One thing that Illy talks about is the migration of fines and its relationship to flow. According to the experiments discussed in the Illy book, as fines migrate from the top of the puck, they collect downstream and slow the flow. Excess pressure can cause fines "dams" and a resulting flow restriction well before the puck has been "spent". As a corollary, in the lever machine pressure mod made by Alchemist, we see that by
easing off on the lever, a dammed flow can be made to flow freely again.
There are three very different kinds of "resistance" offered by the puck:
1) The good resistance when preinfusion has caused the puck to swell
2) The bad resistance caused by dammed fines
3) The bad resistance from overtamping and/or too fine a grind
The latter two are actually inhibiting the extraction.
Yet to an eye trained on the the numbers and the graphs and plots alone, the three extractions might appear "to present" the same; the difference might not be apparent in the numbers. A brew pressure of, say, 8 bar when the resistance is caused by dammed fines or by too fine a grind|too dense a tamp is different from a brew pressure of 8 bar that results from a properly preinfused and swollen puck.
If the numbers included preinfusion duration and pressure, as well as some number representing the fineness of the grind|weight of the tamp, the data would be completer, but that could be a hassle. Elsewhere Jim has remarked about doing postmortems on pucks preinfused to varying degrees, and this would be good to bear in mind for these pressure profilings. The profiler should determine the threshold point where the puck has been thoroughly preinfused. A very gentle preinfusion pressure (too gentle for channeling to occur) and then looking for the first drops is a good seat-of-the-pants approach if you want to avoid the hassle of post-mortems. But gentle preinfusion pressure is paramount in that case.
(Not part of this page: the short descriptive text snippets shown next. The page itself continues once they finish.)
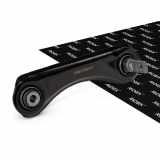 RIDEX 273C0523 Lenker Radaufhängung Querlenker Rear rechts für HONDA 52390SR3000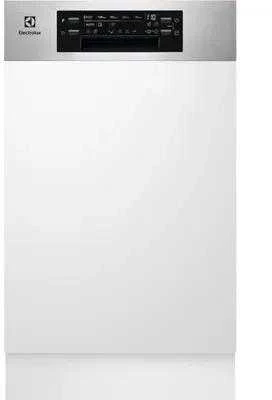 Indaplovė Electrolux EEM43300IX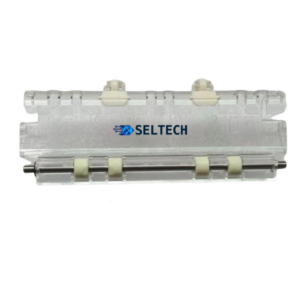 Substituição do interruptor CMD SR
Depth of roast and the bean itself also can have significant effects on the porosity of the puck. Since different beans have different makeups (e.g. robusta more solids than arabica has) would it be advisable to run these tests with an S.O. arabica bean instead of a blend?
Regards
Timo
P.S. Judging from the spring characteristics and piston diameters of those lever machines we have taken apart and measured here on H-B.com, they produce maximum brew pressures of 6 to 7 bar. I haven't had the pleasure of reading a photo essay on a heftier spring lever.